The Council’s “Hydrogen for Net Zero” report demonstrates that hydrogen can provide the lowest-cost decarbonisation solution for more than a fifth of final energy demand by mid-century – resulting in a cumulative CO2 reduction of 80Gt – and is thus a critical component of achieving the 1.5°C climate target. Global demand for renewable and low-carbon hydrogen could double in the next decade.
By 2030, this would equate to an annual CO2 emissions reduction similar to the combined emissions of the United Kingdom, France, and Belgium. However, this critical stepping stone necessitates a large increase in production, infrastructure, and end uses immediately.
The sector has established a strong foundation, with over 520 large-scale projects and 90+ GW of electrolyser production capacity declared globally, totaling more than $160 billion in direct investment. Closer public-private partnership, on the other hand, is important for increasing investments: a fourfold increase is necessary by 2030 to put the world on track to achieve Net Zero emissions.

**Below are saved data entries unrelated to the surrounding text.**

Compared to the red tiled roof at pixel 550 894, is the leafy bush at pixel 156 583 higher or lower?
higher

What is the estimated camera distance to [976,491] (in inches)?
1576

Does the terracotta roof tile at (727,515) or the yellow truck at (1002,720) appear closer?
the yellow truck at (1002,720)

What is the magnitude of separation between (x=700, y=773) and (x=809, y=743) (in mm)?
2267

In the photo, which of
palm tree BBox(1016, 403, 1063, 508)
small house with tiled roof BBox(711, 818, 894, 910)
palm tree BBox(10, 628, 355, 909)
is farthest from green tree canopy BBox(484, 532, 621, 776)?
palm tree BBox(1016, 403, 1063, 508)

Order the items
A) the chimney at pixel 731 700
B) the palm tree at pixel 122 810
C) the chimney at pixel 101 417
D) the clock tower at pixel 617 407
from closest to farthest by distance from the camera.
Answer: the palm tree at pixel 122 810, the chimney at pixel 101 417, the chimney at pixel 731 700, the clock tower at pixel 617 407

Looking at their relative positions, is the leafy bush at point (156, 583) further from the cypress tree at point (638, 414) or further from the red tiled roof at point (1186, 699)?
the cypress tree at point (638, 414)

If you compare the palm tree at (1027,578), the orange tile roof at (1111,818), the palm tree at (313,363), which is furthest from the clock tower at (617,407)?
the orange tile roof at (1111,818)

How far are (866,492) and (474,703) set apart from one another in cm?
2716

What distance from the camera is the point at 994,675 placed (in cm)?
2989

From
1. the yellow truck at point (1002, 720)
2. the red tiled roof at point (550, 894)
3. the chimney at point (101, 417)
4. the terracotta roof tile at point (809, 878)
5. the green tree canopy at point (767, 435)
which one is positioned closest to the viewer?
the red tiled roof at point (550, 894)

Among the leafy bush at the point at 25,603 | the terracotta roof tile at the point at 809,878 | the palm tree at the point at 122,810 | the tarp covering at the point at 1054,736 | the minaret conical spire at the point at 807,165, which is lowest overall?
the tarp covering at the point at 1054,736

Only by prioritizing investments and funding assistance in this decade will we be able to build up hydrogen to the levels required to meet global climate targets by 2050 while also lowering costs.

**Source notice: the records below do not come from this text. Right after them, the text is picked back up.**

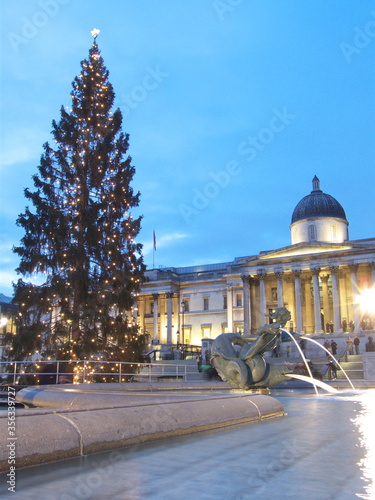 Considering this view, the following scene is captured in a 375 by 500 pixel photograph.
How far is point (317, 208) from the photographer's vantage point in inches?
2544

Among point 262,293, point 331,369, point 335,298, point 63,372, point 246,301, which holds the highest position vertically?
point 262,293

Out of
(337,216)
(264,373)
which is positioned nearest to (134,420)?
(264,373)

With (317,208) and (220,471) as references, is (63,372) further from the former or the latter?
(317,208)

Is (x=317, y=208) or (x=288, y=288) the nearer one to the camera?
(x=288, y=288)

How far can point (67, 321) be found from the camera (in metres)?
21.0

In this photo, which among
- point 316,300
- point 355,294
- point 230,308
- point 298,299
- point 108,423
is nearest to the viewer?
point 108,423

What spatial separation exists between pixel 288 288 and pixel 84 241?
140 ft

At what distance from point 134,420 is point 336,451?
196cm

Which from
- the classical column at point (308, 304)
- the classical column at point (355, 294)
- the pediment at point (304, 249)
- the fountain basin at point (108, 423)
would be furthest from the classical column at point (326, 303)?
the fountain basin at point (108, 423)

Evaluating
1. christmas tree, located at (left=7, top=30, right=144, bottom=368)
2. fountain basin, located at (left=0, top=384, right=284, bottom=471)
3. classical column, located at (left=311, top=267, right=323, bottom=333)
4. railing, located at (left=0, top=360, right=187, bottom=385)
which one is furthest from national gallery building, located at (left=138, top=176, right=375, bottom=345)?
fountain basin, located at (left=0, top=384, right=284, bottom=471)

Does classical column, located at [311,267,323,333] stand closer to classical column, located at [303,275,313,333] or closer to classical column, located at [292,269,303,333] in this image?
classical column, located at [292,269,303,333]

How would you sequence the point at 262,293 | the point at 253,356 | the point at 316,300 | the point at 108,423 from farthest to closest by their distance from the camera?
the point at 262,293
the point at 316,300
the point at 253,356
the point at 108,423

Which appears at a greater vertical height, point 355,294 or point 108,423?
point 355,294

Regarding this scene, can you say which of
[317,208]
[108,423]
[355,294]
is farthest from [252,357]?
[317,208] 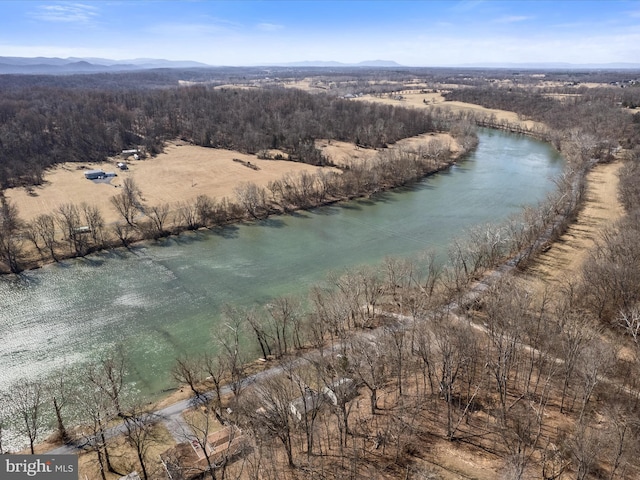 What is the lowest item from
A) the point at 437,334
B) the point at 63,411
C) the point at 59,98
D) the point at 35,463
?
the point at 63,411

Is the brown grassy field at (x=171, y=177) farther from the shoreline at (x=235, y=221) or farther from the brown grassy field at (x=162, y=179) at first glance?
the shoreline at (x=235, y=221)

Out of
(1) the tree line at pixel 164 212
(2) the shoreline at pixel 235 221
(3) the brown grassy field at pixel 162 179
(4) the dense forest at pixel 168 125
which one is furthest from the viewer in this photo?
(4) the dense forest at pixel 168 125

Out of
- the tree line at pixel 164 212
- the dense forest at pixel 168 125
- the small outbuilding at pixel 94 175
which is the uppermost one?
the dense forest at pixel 168 125

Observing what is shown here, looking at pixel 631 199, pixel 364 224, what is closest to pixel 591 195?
pixel 631 199

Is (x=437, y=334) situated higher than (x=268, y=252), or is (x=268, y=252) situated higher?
(x=437, y=334)

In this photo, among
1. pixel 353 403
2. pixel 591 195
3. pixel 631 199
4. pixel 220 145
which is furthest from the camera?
pixel 220 145

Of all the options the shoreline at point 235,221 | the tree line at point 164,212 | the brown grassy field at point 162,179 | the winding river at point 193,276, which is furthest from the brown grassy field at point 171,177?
the winding river at point 193,276

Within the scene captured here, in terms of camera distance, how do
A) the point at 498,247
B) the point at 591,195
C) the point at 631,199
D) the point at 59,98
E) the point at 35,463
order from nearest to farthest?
1. the point at 35,463
2. the point at 498,247
3. the point at 631,199
4. the point at 591,195
5. the point at 59,98

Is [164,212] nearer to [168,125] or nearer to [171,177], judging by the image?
[171,177]

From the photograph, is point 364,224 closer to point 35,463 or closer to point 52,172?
point 35,463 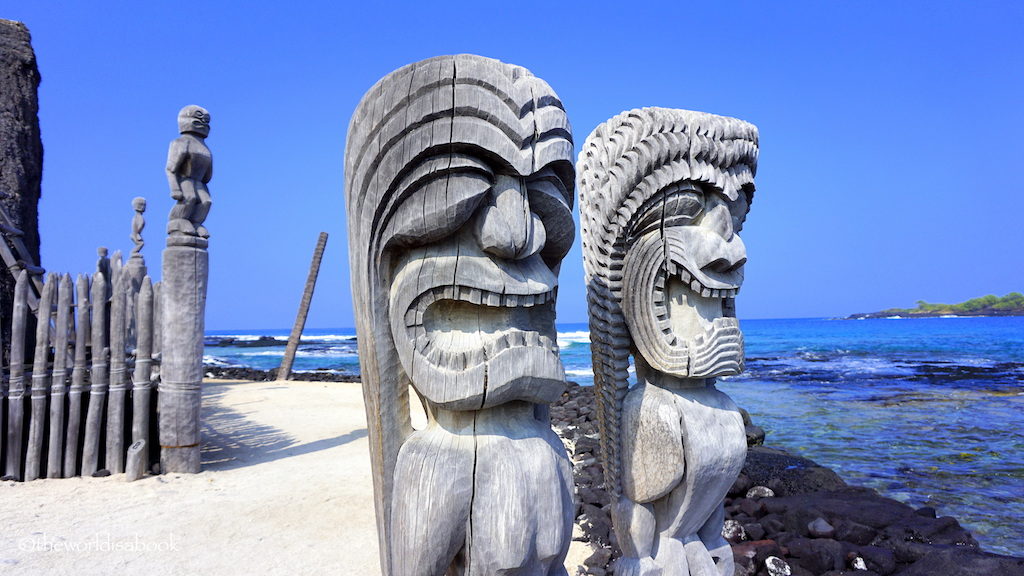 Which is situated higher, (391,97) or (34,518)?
(391,97)

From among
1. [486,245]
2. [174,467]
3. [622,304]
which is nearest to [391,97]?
[486,245]

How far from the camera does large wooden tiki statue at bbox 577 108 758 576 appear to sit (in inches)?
99.0

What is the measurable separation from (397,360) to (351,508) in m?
3.59

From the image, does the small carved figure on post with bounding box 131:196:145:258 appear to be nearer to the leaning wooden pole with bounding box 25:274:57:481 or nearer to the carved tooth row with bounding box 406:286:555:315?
the leaning wooden pole with bounding box 25:274:57:481

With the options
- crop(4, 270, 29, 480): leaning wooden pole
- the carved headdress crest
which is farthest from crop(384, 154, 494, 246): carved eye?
crop(4, 270, 29, 480): leaning wooden pole

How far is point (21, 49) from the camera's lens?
10.5 meters

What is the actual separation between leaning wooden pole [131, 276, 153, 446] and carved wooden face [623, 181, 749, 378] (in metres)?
5.23

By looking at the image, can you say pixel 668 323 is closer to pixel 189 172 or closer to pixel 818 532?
pixel 818 532

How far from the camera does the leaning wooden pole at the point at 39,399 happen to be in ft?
18.2

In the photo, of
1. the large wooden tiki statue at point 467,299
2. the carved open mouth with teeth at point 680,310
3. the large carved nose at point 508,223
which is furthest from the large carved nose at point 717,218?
the large carved nose at point 508,223

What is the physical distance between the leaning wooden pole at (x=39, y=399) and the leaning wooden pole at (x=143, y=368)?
740 mm

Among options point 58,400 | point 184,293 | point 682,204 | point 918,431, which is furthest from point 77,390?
point 918,431

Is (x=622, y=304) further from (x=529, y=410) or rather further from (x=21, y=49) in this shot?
(x=21, y=49)

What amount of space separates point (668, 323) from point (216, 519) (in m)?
4.05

The “Policy Toolbox for Low Carbon and Renewable Hydrogen,” which was produced concurrently with the aforementioned research, is a first-of-its-kind comprehensive review of dozens of hydrogen policy measures implemented across the value chain at various degrees of market development.

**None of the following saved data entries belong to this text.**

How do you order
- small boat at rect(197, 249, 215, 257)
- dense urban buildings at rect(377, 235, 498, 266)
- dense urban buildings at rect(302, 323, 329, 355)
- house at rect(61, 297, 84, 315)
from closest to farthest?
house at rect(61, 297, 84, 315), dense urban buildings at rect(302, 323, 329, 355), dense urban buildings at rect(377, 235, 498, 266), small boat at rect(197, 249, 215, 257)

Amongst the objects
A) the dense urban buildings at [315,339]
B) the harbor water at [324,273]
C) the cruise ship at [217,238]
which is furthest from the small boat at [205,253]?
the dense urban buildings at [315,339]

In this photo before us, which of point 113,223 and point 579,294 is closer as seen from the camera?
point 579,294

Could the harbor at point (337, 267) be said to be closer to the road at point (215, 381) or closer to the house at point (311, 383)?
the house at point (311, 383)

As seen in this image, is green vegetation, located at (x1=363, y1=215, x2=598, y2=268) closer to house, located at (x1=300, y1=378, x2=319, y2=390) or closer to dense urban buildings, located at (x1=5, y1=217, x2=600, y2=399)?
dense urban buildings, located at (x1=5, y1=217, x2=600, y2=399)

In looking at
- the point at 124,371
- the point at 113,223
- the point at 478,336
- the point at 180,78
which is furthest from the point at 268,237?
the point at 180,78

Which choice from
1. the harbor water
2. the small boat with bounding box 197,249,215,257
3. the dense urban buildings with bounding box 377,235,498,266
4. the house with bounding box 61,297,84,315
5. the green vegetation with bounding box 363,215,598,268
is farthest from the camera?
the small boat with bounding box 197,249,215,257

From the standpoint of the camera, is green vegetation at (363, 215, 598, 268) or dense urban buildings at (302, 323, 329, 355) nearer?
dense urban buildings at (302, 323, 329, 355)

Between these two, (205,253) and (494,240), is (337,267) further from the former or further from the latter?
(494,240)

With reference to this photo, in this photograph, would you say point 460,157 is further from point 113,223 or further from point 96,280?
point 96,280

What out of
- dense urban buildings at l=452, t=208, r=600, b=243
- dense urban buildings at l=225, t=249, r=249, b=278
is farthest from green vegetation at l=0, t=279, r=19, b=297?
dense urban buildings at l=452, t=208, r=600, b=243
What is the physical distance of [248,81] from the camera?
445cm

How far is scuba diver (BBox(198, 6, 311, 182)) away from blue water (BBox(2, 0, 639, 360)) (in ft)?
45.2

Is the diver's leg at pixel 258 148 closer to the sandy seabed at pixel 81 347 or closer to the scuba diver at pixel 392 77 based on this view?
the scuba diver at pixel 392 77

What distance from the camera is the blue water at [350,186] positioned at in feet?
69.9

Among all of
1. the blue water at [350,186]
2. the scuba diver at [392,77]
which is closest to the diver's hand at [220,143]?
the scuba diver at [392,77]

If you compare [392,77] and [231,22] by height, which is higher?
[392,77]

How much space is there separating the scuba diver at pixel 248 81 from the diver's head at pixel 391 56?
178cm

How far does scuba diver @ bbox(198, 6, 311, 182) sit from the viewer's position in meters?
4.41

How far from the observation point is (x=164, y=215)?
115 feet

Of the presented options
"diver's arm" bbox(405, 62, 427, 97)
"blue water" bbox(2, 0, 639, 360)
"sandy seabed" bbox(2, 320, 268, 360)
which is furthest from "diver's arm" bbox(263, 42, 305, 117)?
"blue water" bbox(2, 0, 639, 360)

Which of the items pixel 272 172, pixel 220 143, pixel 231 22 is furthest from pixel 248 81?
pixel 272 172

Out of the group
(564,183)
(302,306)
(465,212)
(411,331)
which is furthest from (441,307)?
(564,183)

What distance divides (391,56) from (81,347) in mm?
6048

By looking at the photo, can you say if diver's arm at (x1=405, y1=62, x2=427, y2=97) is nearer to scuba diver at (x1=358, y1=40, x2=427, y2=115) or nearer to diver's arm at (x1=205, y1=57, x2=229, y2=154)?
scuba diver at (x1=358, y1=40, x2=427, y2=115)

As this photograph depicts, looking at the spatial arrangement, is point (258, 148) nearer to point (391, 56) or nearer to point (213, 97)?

It highlights how a set of successful policy and regulatory measures may give investors with the essential clarity in the short-to-medium term as well as the long term, consequently lowering hydrogen costs, increasing uptake, and promoting cross-border hydrogen trade. Additionally, it highlights the importance of incorporating societal values and advantages connected with the hydrogen economy’s development into policy formulation in order to contribute to achieving the UN Sustainable Development Goals.
Benoît Potier, Chairman and CEO of Air Liquide and Co-chair of the Hydrogen Council, said: “Global warming is a key challenge of our times. Hydrogen is now widely recognised as a key element of a successful energy transition. To accelerate, governments and the industry must synchronise efforts to materialise its potential in order to actually meet net-zero targets. The data and policy guidance released today by the Hydrogen Council are critical in the context of COP26. This is a call to action for decisionmakers and industry to join forces and realise planned activity, to set the transition up for success.”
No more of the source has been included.